Every time we input a word into the trie, we perform a check in order to see if the char already exist, if it does, we check with the next character until there is a new one, then we create a new node. Once we know the word has no more chars left, we toggle the flat of the last node to true - indicating the word has ended.

public class Trie {
    TrieNode root;

    public Trie() {
        root = new TrieNode();
    }

    public void insert(String word) {
        TrieNode current = root;

        for(int i=0; i<word.length(); i++){
            char c = word.charAt(i);

            TrieNode t;
            if (current.getChildren().containsKey(c)){
                t = current.getChildren().get(c);
            } else {
                t = new TrieNode(c);
                current.getChildren().put(c, t);
            }

            current = t;

            if(i==word.length()-1)
                t.setWord(true);
        }
    }
}

Solving the problem

In order to solve this problem, we need to first navigate to the node in which the prefix ends. From there we will be able to a variation of a Depth First Search, in which we will keep adding to the prefix the current character and traversing to each node, until we know the word ends, then we print the full word.

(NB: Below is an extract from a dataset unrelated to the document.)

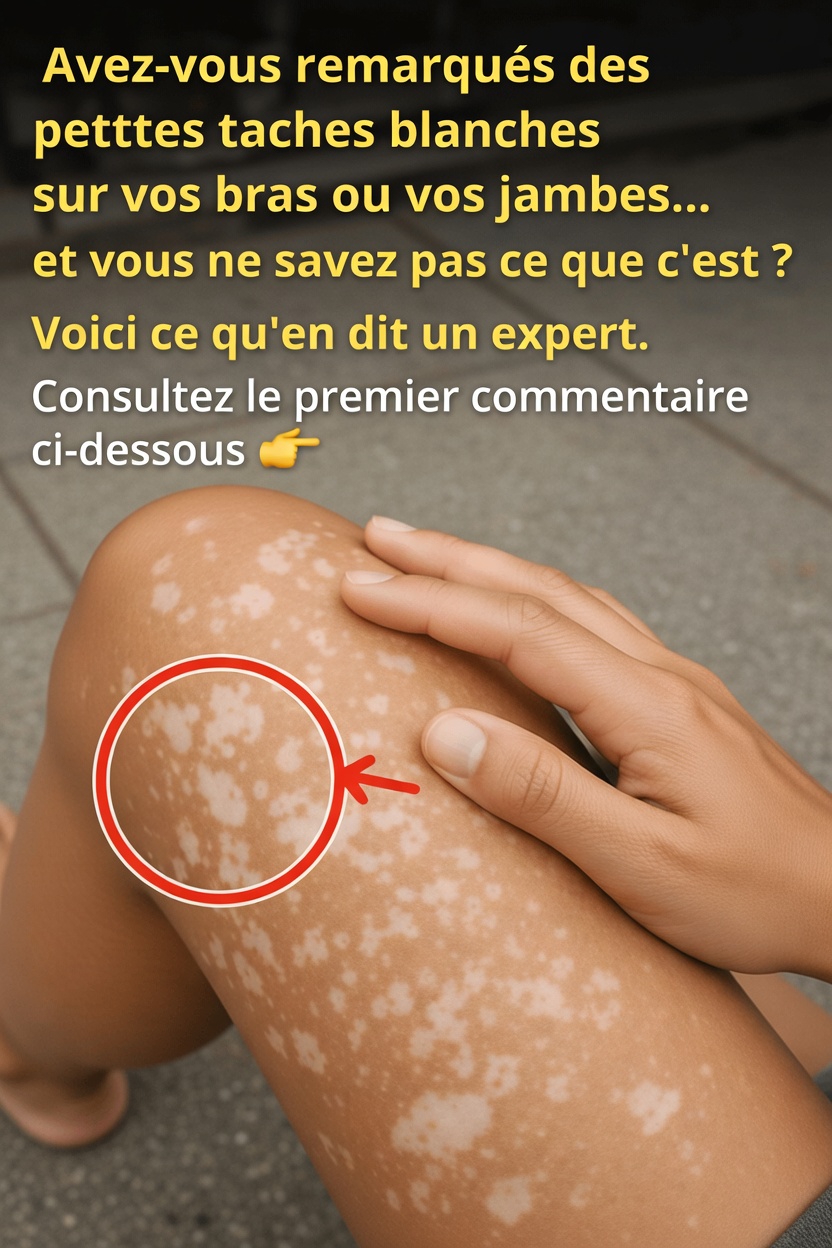 Pourquoi des taches blanches apparaissent sur votre peau : causes fréquentes à connaître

public void printWordsWithPrefix(String prefix) {
    TrieNode t = traverseToNode(prefix);

    printWordsFromNode(t, prefix);
}

private TrieNode traverseToNode(String inputWord) {
    TrieNode current = root;

    TrieNode t = null;
    
    // traverse to the last node of the word
    for (int i = 0; i < inputWord.length(); i++) {
        char c = inputWord.charAt(i);
        if (current.getChildren().containsKey(c)) {
            t = current.getChildren().get(c);
            current = t;
        } else {
            return null;
        }
    }
    return t;
}

private void printWordsFromNode(TrieNode t, String prefix) {
    if (t.isWord()) {
        System.out.println(prefix);
    }

    // Depth First Search until we reach the last node of each word, then we can print it
    for (int i = 0; i < t.getChildren().keySet().size(); i++) {
        char c = (char) t.getChildren().keySet().toArray()[i];
        TrieNode children = t.getChildren().get(c);
        printWordsFromNode(children, prefix + c);
    }
}